AMD has seen a resurgence of sorts thanks to its taking over as the supplier of processing and graphics for game console makers Microsoft and Sony, who formerly used chips from IBM as the engines in these machines. The declining PC business has not done AMD any favors, and its lack of a sizeable presence in servers hurts, too, on both the top and bottom lines. All of the ARM chip makers want to get into servers because they think they can extract profits. But we think it is far more likely that if ARM server chips get a foothold in the datacenter, it will be after a particularly bloody price war that will put a serious dent in the last bastion of profit in the X86 server space: The very impressive margins of Intel’s Data Center Group.

ARM chip makers will have to compete on price as well as performance and thermals, and the laws of physics are going to run hard up against the laws of economics. What we can tell you is that customers will win, for sure, because of the indirect pressure that Intel feels from ARM, Power, GPU, and other architectures as well as any direct competitive pressure.

We think AMD’s past as the provider of components to both HPC centers and hyperscalers is experience that other ARM contenders cannot claim to have, and its experience as a provider of components used by enterprise system makers in the 2000s is not to be underestimated, either. It is reasonable to consider how many of its system experts are still working at AMD, and it is also reasonable to contemplate why Jim Keller, the architect of AMD’s “Sledgehammer” K8 architecture that brought us the Opteron in the datacenter, left AMD after working on the future “K12” ARM and “Zen” Opteron processors for the past three years. As AMD pointed out to The Next Platform, Keller is one of the luminaries of the chip industry and he tends to take on projects for a few years – like working at PowerPC startup PA Semi a decade ago and then moving to Apple when the consumer electronics behemoth bought PA Semi to help design Apple’s A4 and A5 ARM-based processors – that interest him.

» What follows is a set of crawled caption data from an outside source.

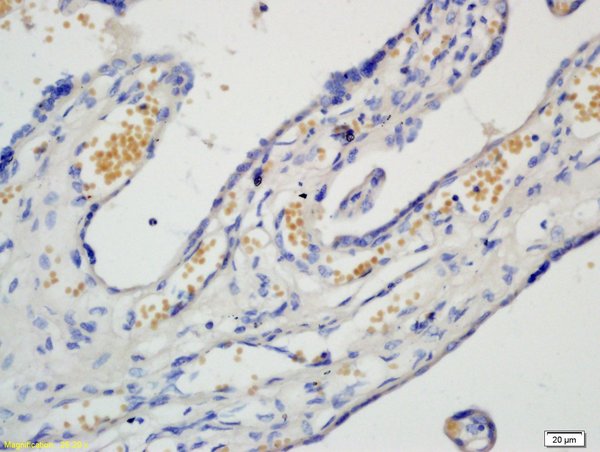 Formalin-fixed and paraffin embedded human placenta tissue labeled with Rabbit Anti-PAF Polyclonal Antibody, Unconjugated (bs-1119R) 1:200 followed by conjugation to the secondary antibody and DAB staining Formalin-fixed and paraffin embedded human placenta tissue labeled with Rabbit Anti-PAF Polyclonal Antibody, Unconjugated (bs-1119R) 1:200 followed by conjugation to the secondary antibody and DAB staining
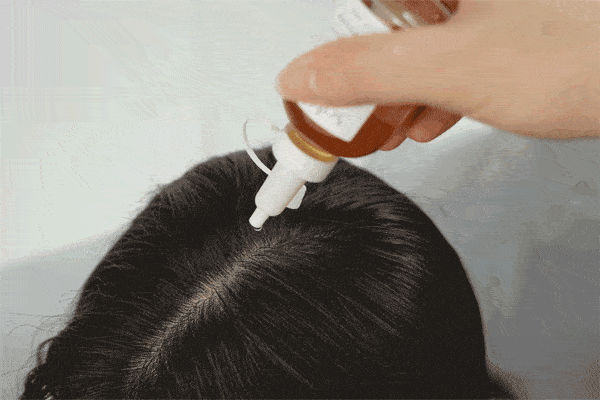 国货|还是老国货好使，头发长出来了，看着真年轻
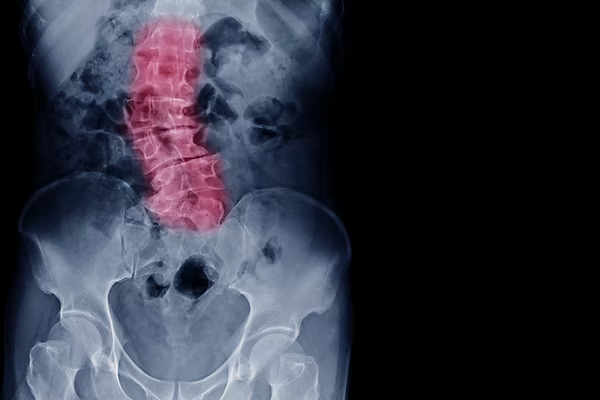 Scoliosis chiropractic care in Lansing MI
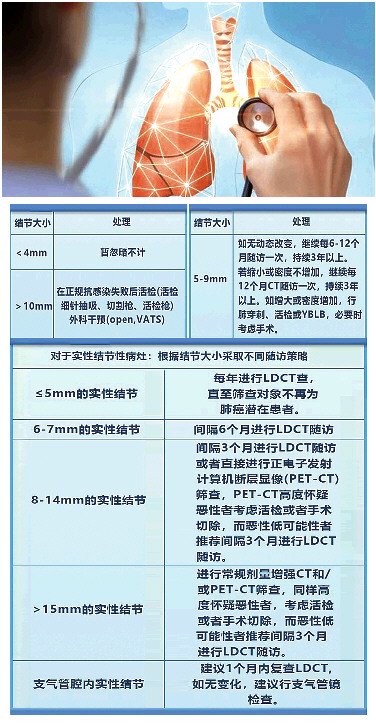 近年来,肺结节成为体检报告单上的常客,让不少人十分恐慌.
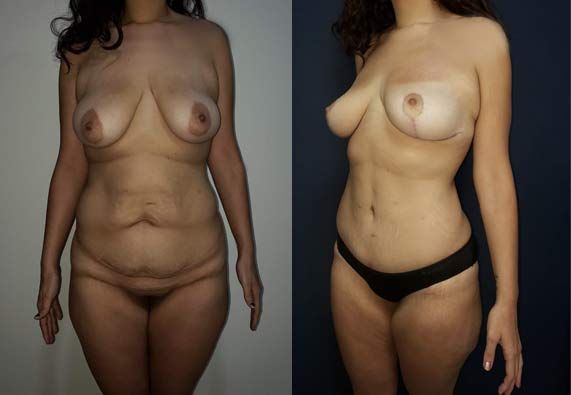 Edgar Ernesto Torres Mejía-6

Read into it what you will, and even if you assume that at this point most of the design work for the ARM K12 and the Opteron Zen processors is largely complete, AMD no doubt would have preferred that Keller stick around and help drive chip designs further out. One could also make the case that Keller would have helped AMD better sustain its Opteron advantage a decade ago, too.

Redrawing The Roadmaps As The Terrain Changes

You would have thought that AMD’s “Project SkyBridge” plan to deliver a unified socket for ARM and Opteron processors would have resonated well with system makers, hyperscalers, and maybe even HPC shops. SkyBridge was about more than sockets. It was a way to take blocks of circuits implementing accelerator interconnects, network fabrics, and other chip features and making them common across X86 and ARM architectures. (Cavium Networks and Broadcom are doing the same with their MIPS-based processors as they craft ARM chips, so this idea is not new.)

In May 2014, when AMD provided its server roadmap update and first announced that Keller had been working at AMD, the “Seattle” Opteron A1100 based on ARM Holding’s Cortex-A57 cores was sampling. The Seattle chips are etched in 28 nanometer processes by GlobalFoundries, and AMD was expecting to shrink down to 20 nanometers with a SkyBridge-compatible chip using low-power Cortex-A57 cores in 2015. The future ARM K12 chips, based on a customized variant of the ARMv8-A architecture, were expected in 2016, and while AMD never said what process might be used, it would have to 14 nanometers to be ground-breaking.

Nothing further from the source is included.